**** EXERCISE DATA ****

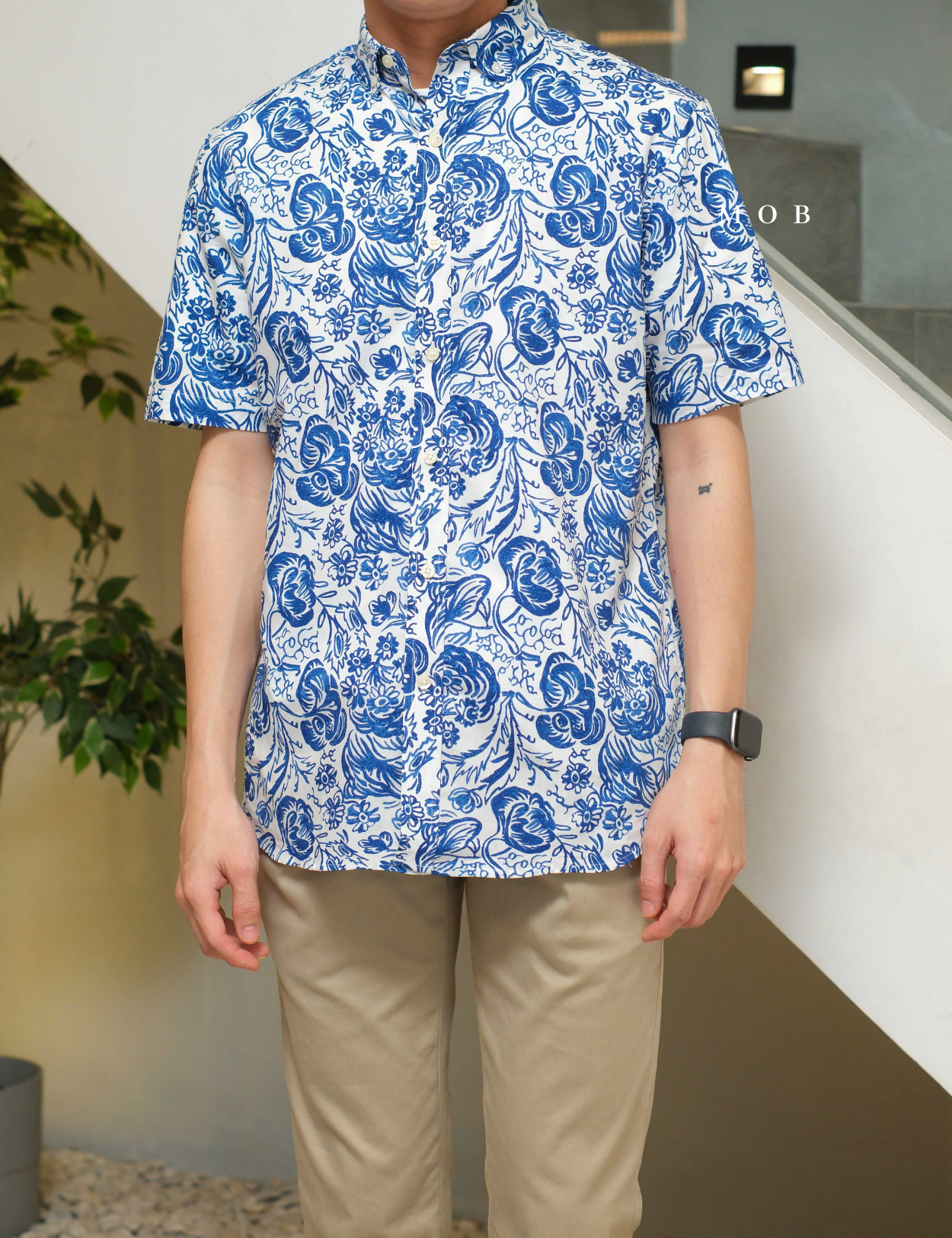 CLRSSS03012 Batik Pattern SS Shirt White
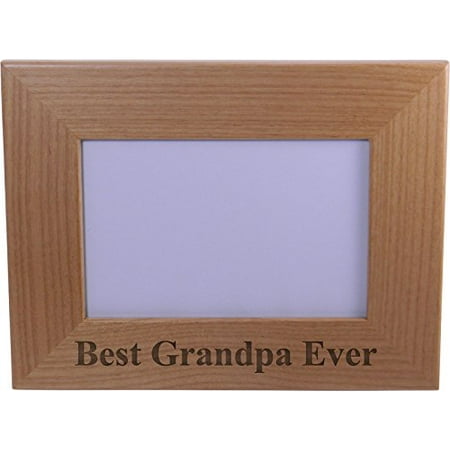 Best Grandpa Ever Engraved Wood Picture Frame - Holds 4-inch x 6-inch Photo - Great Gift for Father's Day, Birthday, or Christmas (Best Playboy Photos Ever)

****
**** EXERCISE DATA ****

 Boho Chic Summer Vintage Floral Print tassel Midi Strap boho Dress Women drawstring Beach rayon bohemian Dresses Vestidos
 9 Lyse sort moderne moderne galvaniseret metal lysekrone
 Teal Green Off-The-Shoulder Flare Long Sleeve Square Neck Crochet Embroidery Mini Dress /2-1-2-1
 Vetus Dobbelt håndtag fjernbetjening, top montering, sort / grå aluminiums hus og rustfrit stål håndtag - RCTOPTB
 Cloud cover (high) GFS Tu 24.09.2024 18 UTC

****

> [TASK GOAL]: Above are the records; repeat exactly the lines from the one holding "Boho Chic Summer" down to the one holding "Cloud cover (high) GFS Tu 24.09.2024 18 UTC", end lines included.

> [OUTPUT OF THE EXERCISE]:
 Boho Chic Summer Vintage Floral Print tassel Midi Strap boho Dress Women drawstring Beach rayon bohemian Dresses Vestidos
 9 Lyse sort moderne moderne galvaniseret metal lysekrone
 Teal Green Off-The-Shoulder Flare Long Sleeve Square Neck Crochet Embroidery Mini Dress /2-1-2-1
 Vetus Dobbelt håndtag fjernbetjening, top montering, sort / grå aluminiums hus og rustfrit stål håndtag - RCTOPTB
 Cloud cover (high) GFS Tu 24.09.2024 18 UTC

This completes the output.